O jovem futebolista sírio Ali Hasan está “muito feliz” pela queda do regime de Bashar al-Assad, mas aguarda por estabilidade e diz ser “prematuro” regressar ao seu país, até porque se sente “cada vez mais português”.
“Os meus pais ainda estão bastante desconfiados, pois não sabemos se ele pode voltar e aí as coisas vão ser ainda piores. O país não está 100% pacífico e, para voltar, as condições ainda são más. Vai demorar muito tempo para o país ser reconstruído. É uma conquista difícil e espero que o presidente não volte”, disse, em declarações à Lusa.
Ali Hasan, de 18 anos, chegou a Portugal em 2016, depois de três anos refugiado na Turquia e um na Grécia, e as únicas memórias que tem da sua nação são as dos seus familiares, curdos, etnia perseguida por Bahsar al-Assad e também pelos regimes vizinhos da Turquia, Irão e Iraque.
“Os meus pais estão muito contentes, sempre a ligar para os meus familiares a saber se está tudo bem com os meus avós e tios.
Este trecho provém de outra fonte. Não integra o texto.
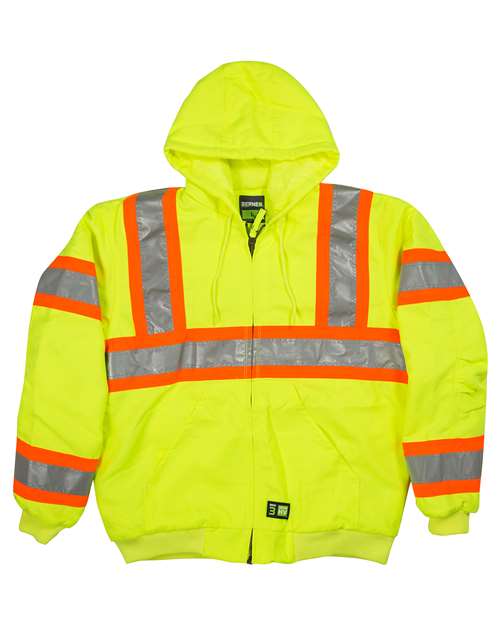 Berne Apparel HVJ571 Men's Hi-Vis Class 3 Hooded Active Jacket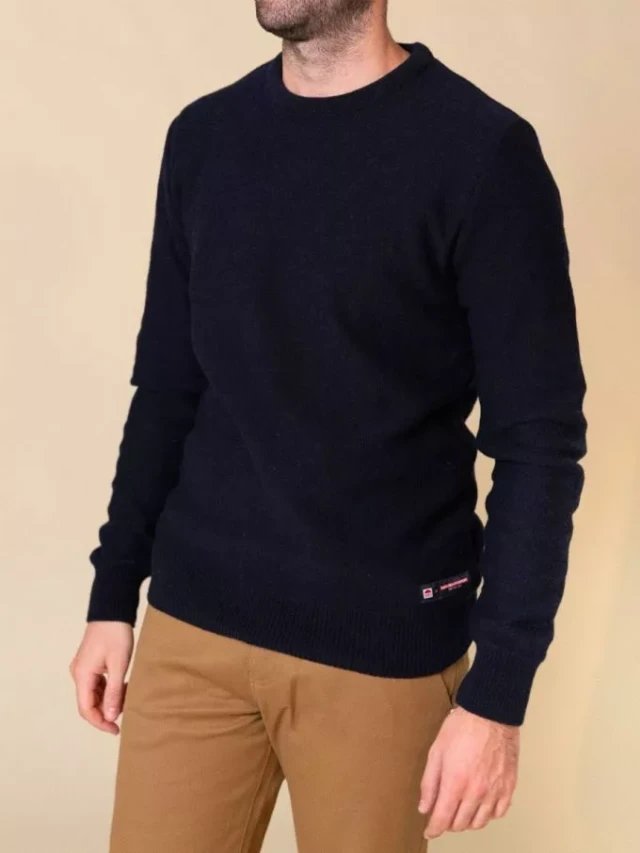 1083 - PULL UNI BLEU 770 VOLONTAIRE laine recyclee Homme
Espero que corra tudo bem”, desabafou, ainda expectante quanto ao que vai acontecer com o novo regime.
Em Portugal, a vida da sua família, que engloba mais quatro irmãos, todos rapazes, o mais novo, de nome Miguel, já nascido no país, teve acolhimento em Guimarães, onde finalmente pode dar asas à ilusão de jogar futebol.
“[Iniciar-me] No futebol foi um processo muito complicado. Demorou, mas nunca devemos desistir dos nossos sonhos, certo? Sou um jogador razoável, bom no remate e drible, e que, como ponto fraco, tenho os passes que, de vez em quando, saem mal, sobretudo em profundidade”, analisa o atleta do UD Polvoleira, dos distritais de Braga, depois de começar no Águias Negras de Tabuadelo, antes do GD Selho, no mesmo concelho.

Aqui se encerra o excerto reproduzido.